> ENTRIES PROVIDED:
▬▬▬▬▬▬
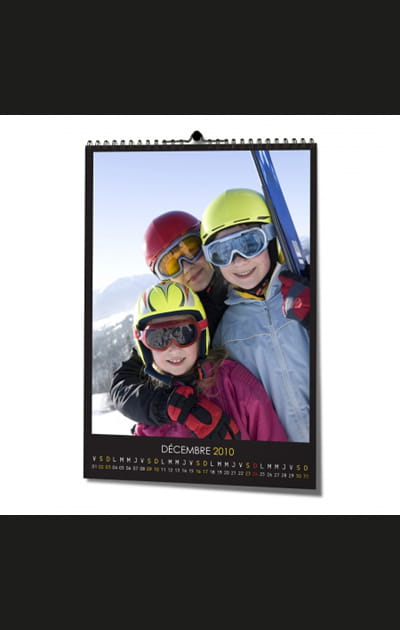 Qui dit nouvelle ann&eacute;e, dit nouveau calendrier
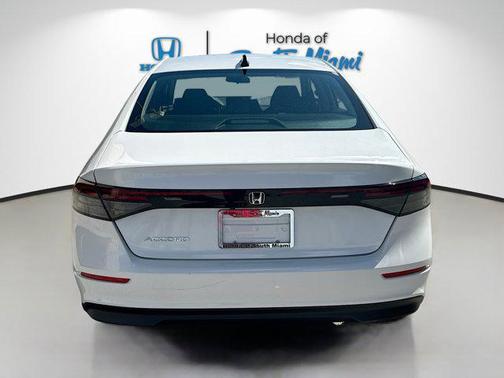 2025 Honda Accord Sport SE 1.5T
▬▬▬▬▬▬
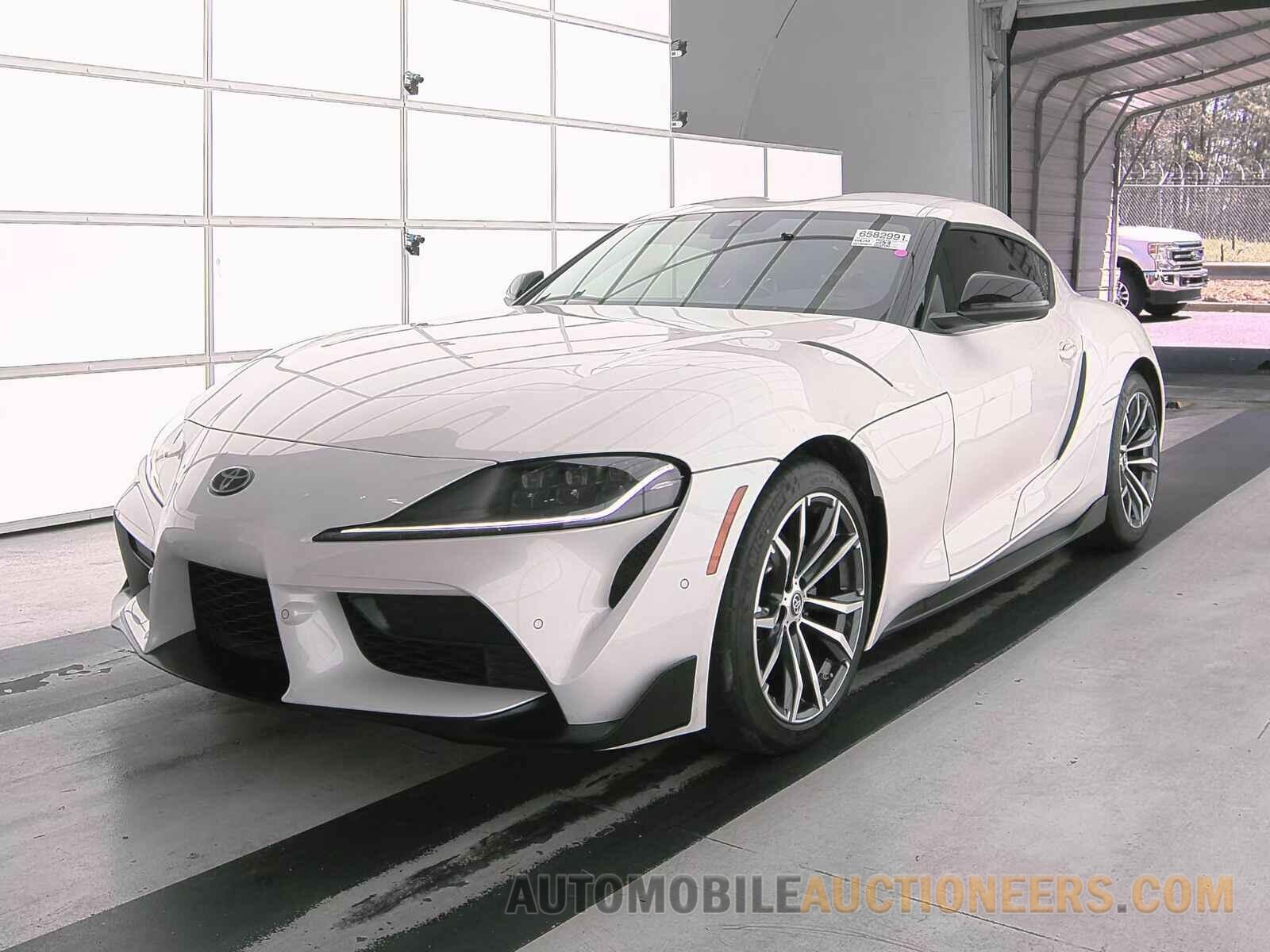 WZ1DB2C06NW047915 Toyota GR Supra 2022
▬▬▬▬▬▬
Exactly the lines starting at the one above with "Qui dit nouvelle" and ending at the one with "2025 Honda Accord Sport SE 1.5T" should be printed, and nothing else. Omit the pictures.

 Qui dit nouvelle ann&eacute;e, dit nouveau calendrier
 2025 Honda Accord Sport SE 1.5T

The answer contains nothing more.